TASK PROMPT:
If pictures appear in the lines below, skip them and copy exactly the lines from the one containing "Derbide kazanan Fenerbahçe!" through the one containing "モノビュル/agnès b./単色アイシャドウを使ったクチコミ（2枚目）", and nothing else.

INFORMATION SUPPLIED:
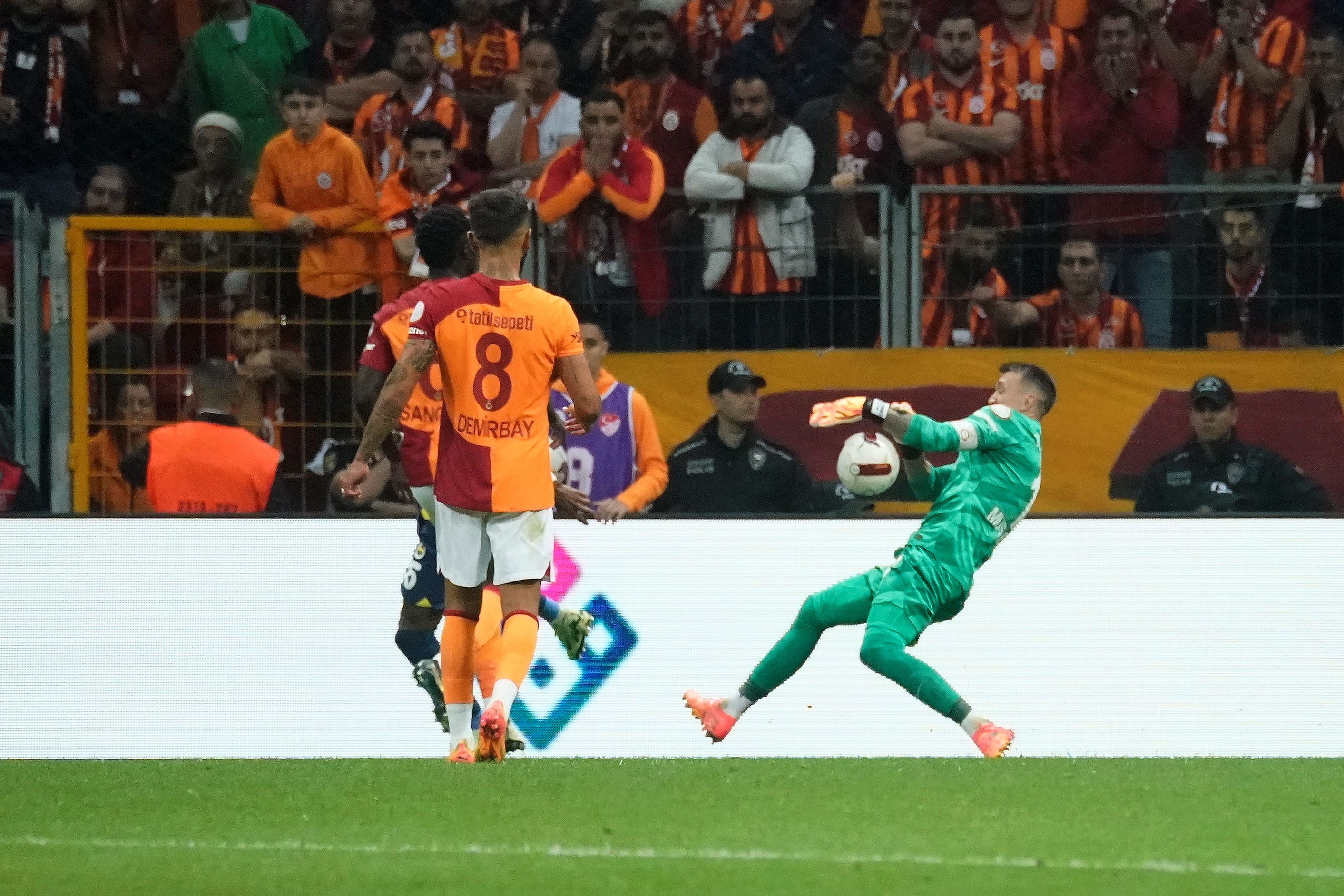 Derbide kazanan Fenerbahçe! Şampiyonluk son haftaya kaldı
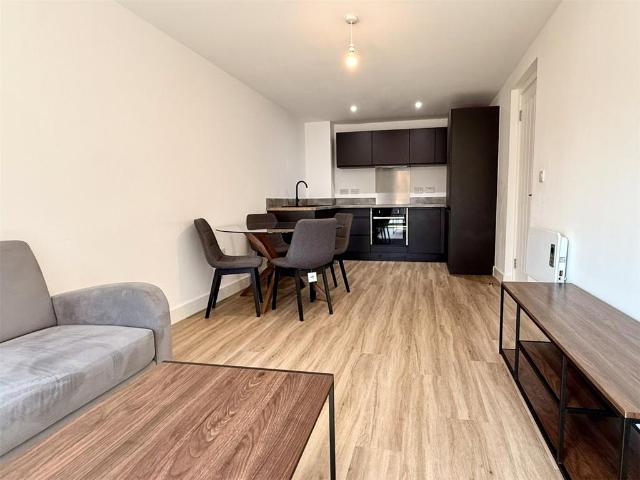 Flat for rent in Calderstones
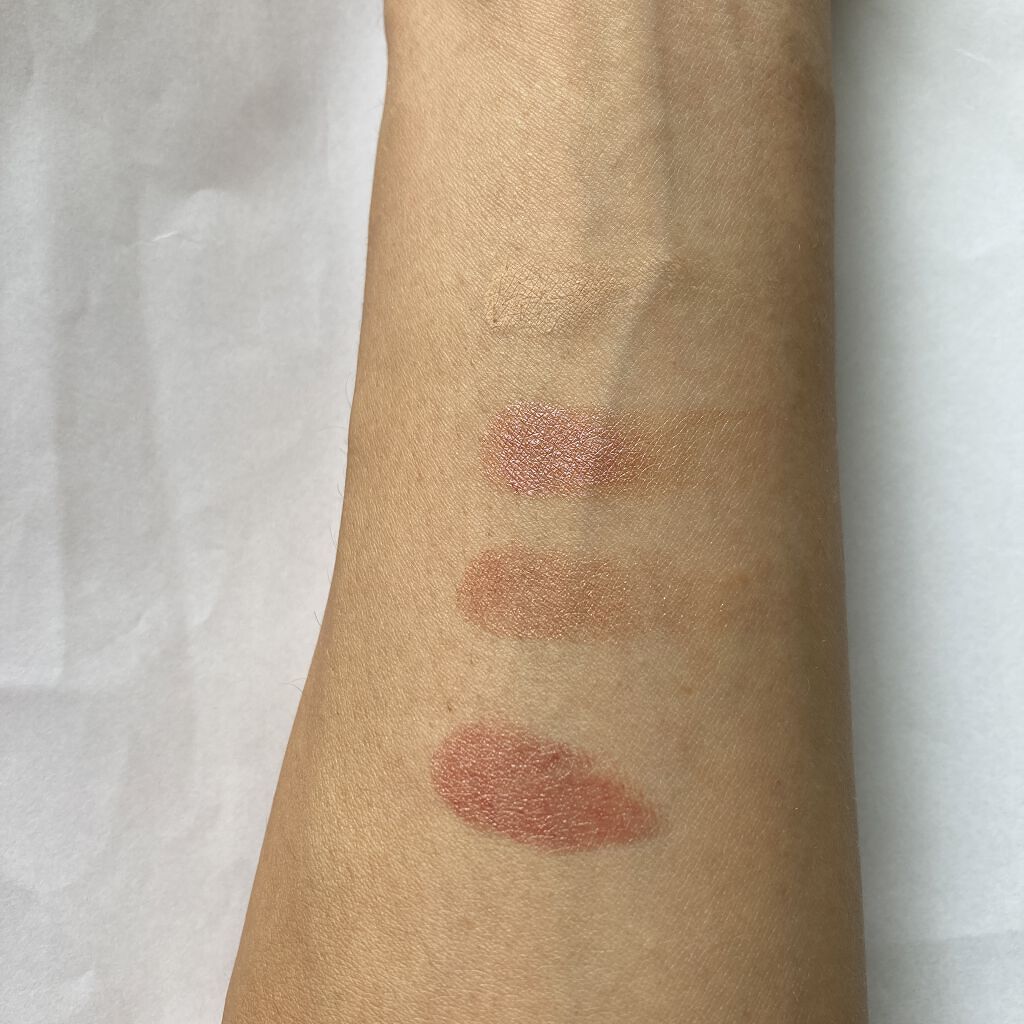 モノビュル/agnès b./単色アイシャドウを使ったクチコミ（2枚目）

...

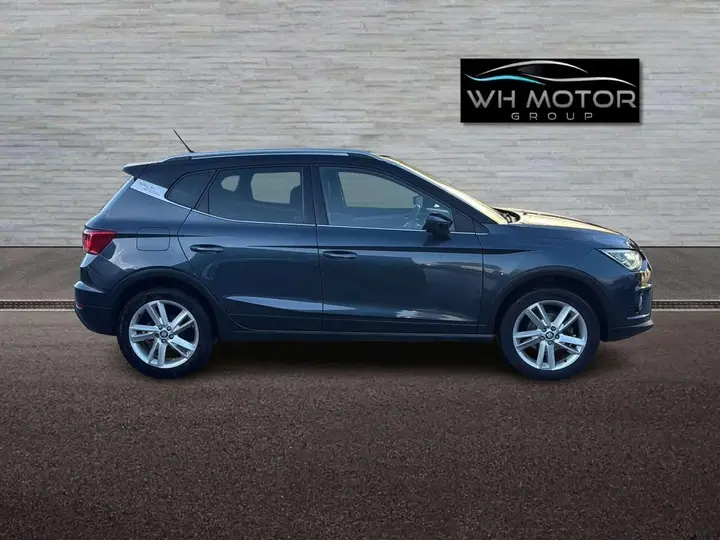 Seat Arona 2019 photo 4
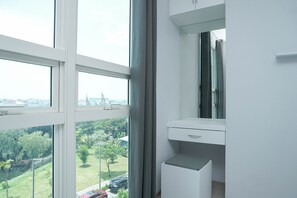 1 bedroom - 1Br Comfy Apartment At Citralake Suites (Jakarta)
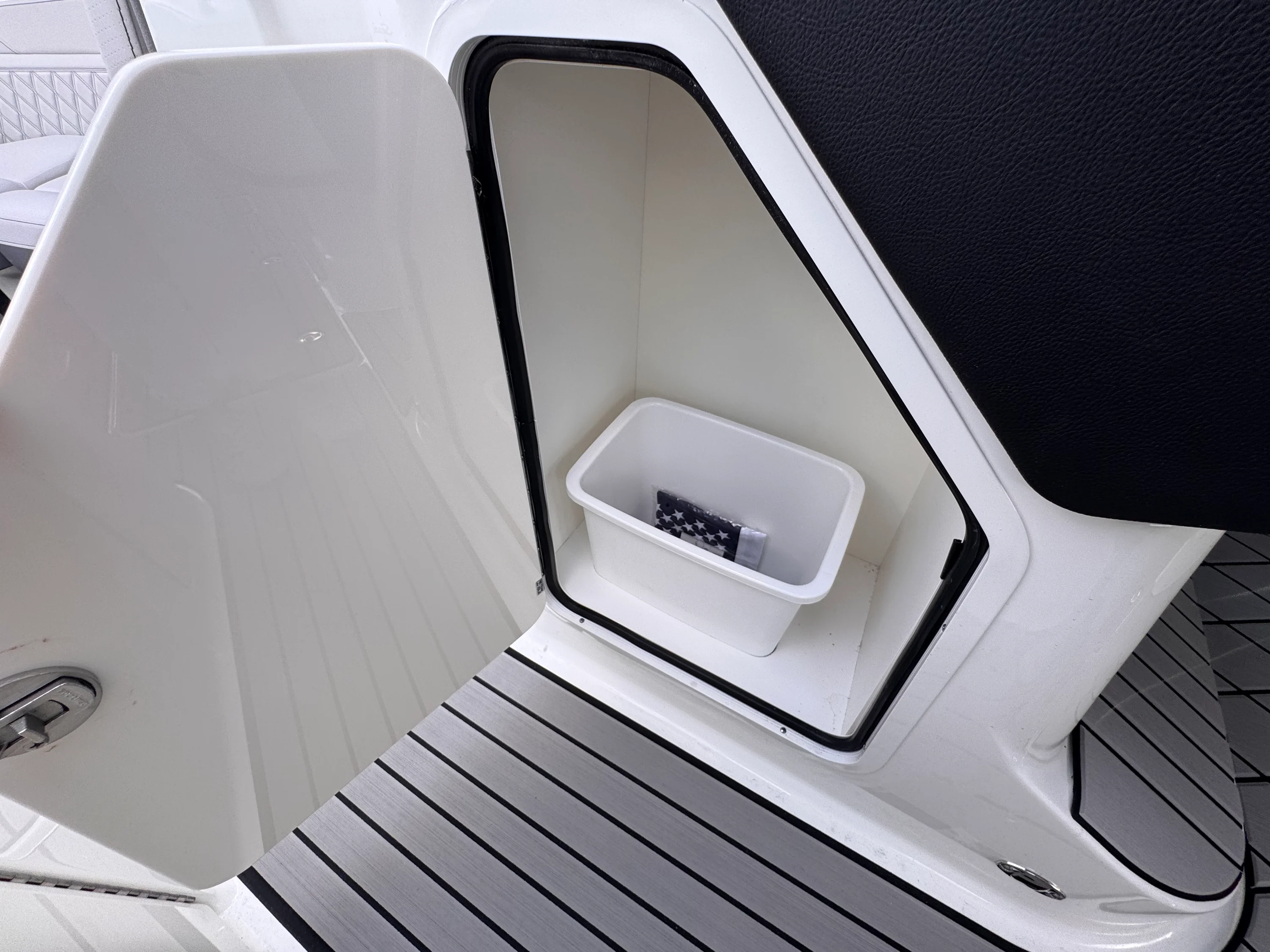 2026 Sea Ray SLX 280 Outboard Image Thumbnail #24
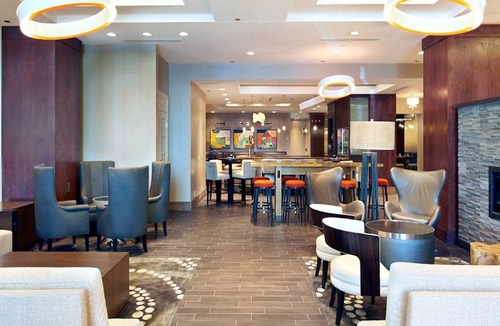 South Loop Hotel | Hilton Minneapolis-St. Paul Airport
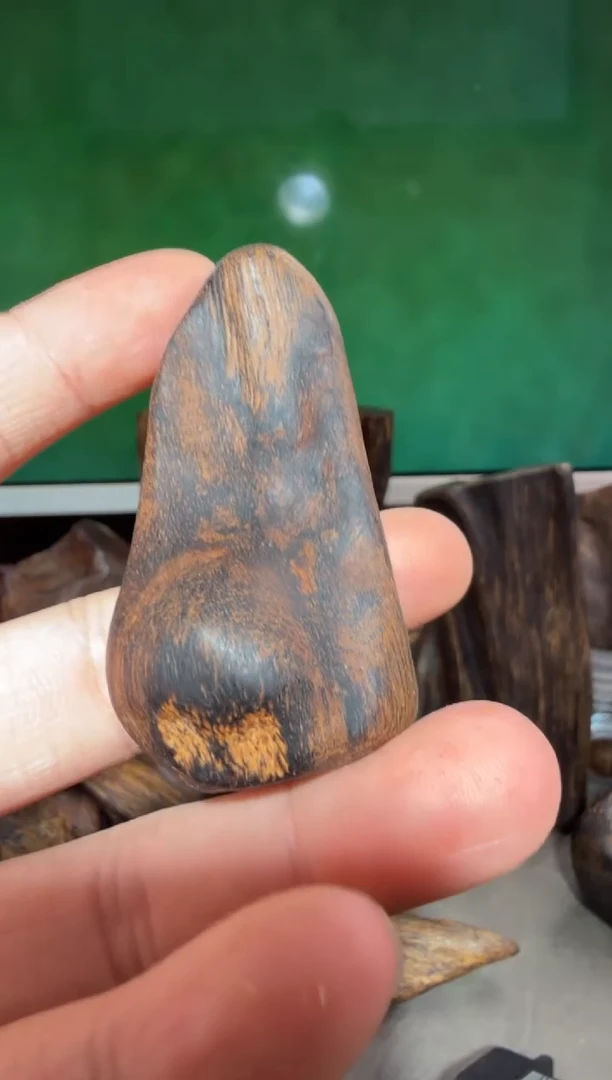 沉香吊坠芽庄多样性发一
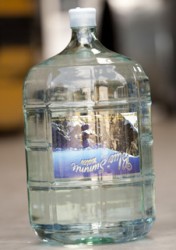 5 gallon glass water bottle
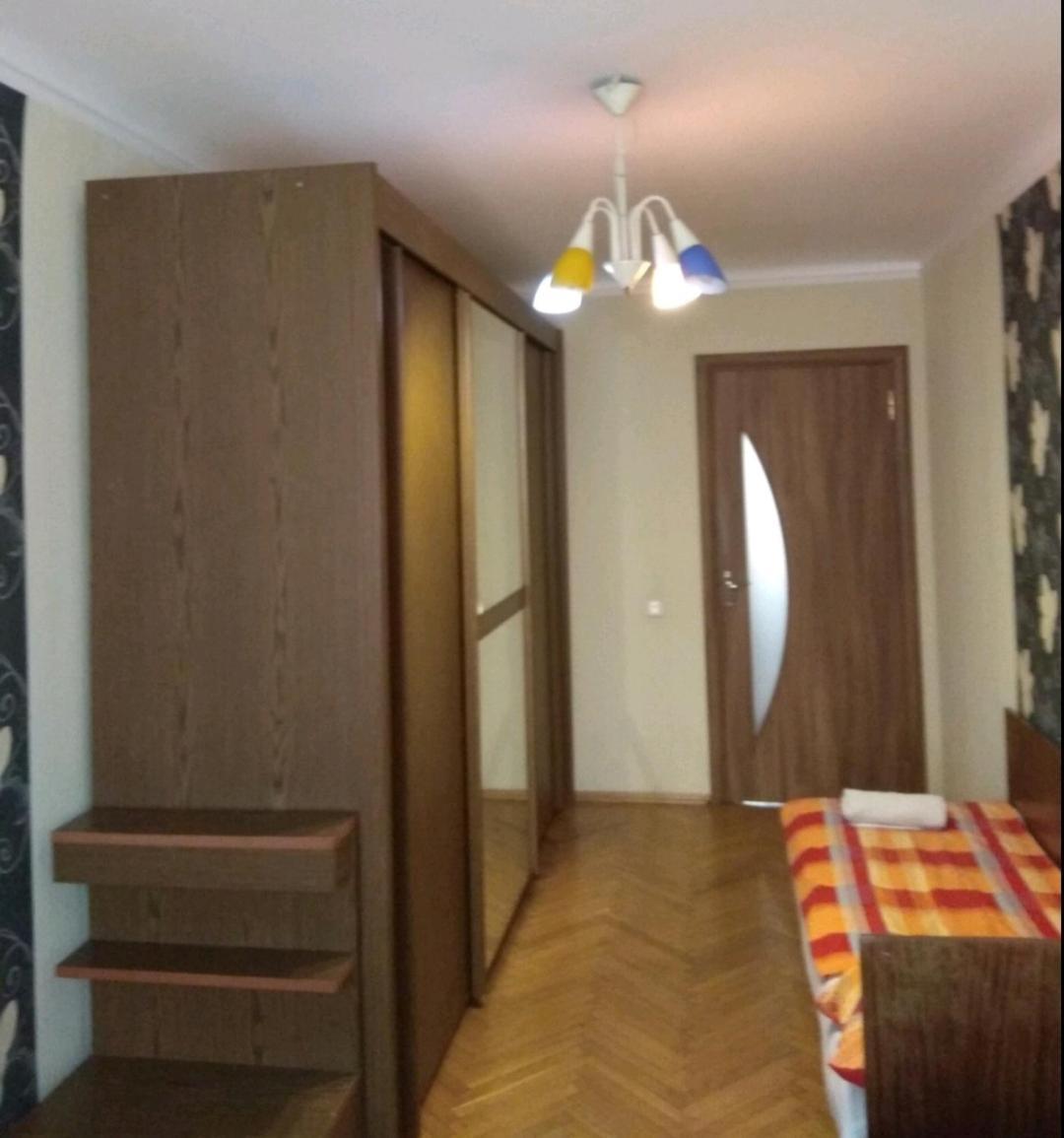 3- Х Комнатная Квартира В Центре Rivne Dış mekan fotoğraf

PROBLEM SOLUTION:
 Derbide kazanan Fenerbahçe! Şampiyonluk son haftaya kaldı
 Flat for rent in Calderstones
 モノビュル/agnès b./単色アイシャドウを使ったクチコミ（2枚目）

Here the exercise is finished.